“An so einem Ort werden wir es etwas ruhiger angehen lassen“: Die US-amerikanische Band Wilco überzeugte in der Hamburger Laeiszhalle.

Hamburg. Als Jeff Tweedy zum Soundcheck in die Laeiszhalle kam, war er überwältigt von der Pracht des vor mehr als 100 Jahren erbauten Konzerthauses. "An so einem Ort werden wir es etwas ruhiger angehen lassen", sagte er. Ein Vorsatz, der Gültigkeit nur bis kurz vor Ende des Songs "Sunken Treasure" besaß, mit dem Wilco ihren Auftritt in der nicht komplett ausverkauften Halle begonnen hatte. Der mit moderater Lautstärke gespielte Song wuchs in den letzten Takten zu einem orkanartigen Getöse an.

In den folgenden zwei Stunden gab es immer wieder Blöcke, bei denen die sechs Musiker über Jeff Tweedys hübsche Melodien ganze Türme an Geräuschen und Rückkoppelungen aufbauten, so als wollten sie die Schönheit der Lieder zerstören.

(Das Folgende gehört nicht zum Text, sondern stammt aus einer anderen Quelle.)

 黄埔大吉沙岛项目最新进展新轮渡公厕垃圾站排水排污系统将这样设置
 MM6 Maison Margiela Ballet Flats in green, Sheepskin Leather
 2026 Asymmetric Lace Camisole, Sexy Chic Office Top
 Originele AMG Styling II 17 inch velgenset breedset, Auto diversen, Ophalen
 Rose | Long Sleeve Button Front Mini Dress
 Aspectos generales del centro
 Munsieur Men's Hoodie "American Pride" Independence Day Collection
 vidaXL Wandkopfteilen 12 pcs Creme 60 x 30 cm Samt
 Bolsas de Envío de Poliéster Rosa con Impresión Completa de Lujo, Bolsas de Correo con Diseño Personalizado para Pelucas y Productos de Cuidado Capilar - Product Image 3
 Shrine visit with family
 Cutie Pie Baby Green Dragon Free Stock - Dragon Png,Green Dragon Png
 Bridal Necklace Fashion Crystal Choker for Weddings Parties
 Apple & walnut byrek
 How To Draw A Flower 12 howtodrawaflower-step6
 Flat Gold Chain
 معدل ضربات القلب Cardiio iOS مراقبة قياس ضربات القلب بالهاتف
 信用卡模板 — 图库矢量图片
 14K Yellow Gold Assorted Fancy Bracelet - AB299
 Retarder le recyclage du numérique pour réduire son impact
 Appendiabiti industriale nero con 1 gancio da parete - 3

Das Publikum raste angesichts dieses Wechsels aus extrem laut und leise, viele sprangen immer wieder von ihren Sitzen und beklatschen diese dynamische Achterbahn mit über den Kopf erhobenen Händen. Eine Alternative-Country/Folk-Gruppe wie bei ihrer Gründung Mitte der 90er-Jahre sind Wilco schon lange nicht mehr. Seit dem Album "Yankee Hotel Foxtrot" von 2002 begann die Band aus Chicago mit elektronischen Samples zu experimentieren, live hat sie sich zu einer Post-Rock-Combo mit komplexen Kompositionen entwickelt.

Vor allem Gitarrist Nels Cline hatte großen Anteil an der zerstörerischen Wucht des Ensembles. Dennoch waren Tweedys dunkle Texte in jedem Augenblick dieses außergewöhnlich dichten Konzerts zu verstehen. Jede Zeile von "Impossible Germany", "Via Chicago" oder "I Am Trying To Break Your Heart" erreichte die Zuhörer dank des glasklaren Sounds. Der mitwippende Tontechniker am Mischpult hatte bei seinem perfekten Job genauso viel Spaß wie jeder in der Halle.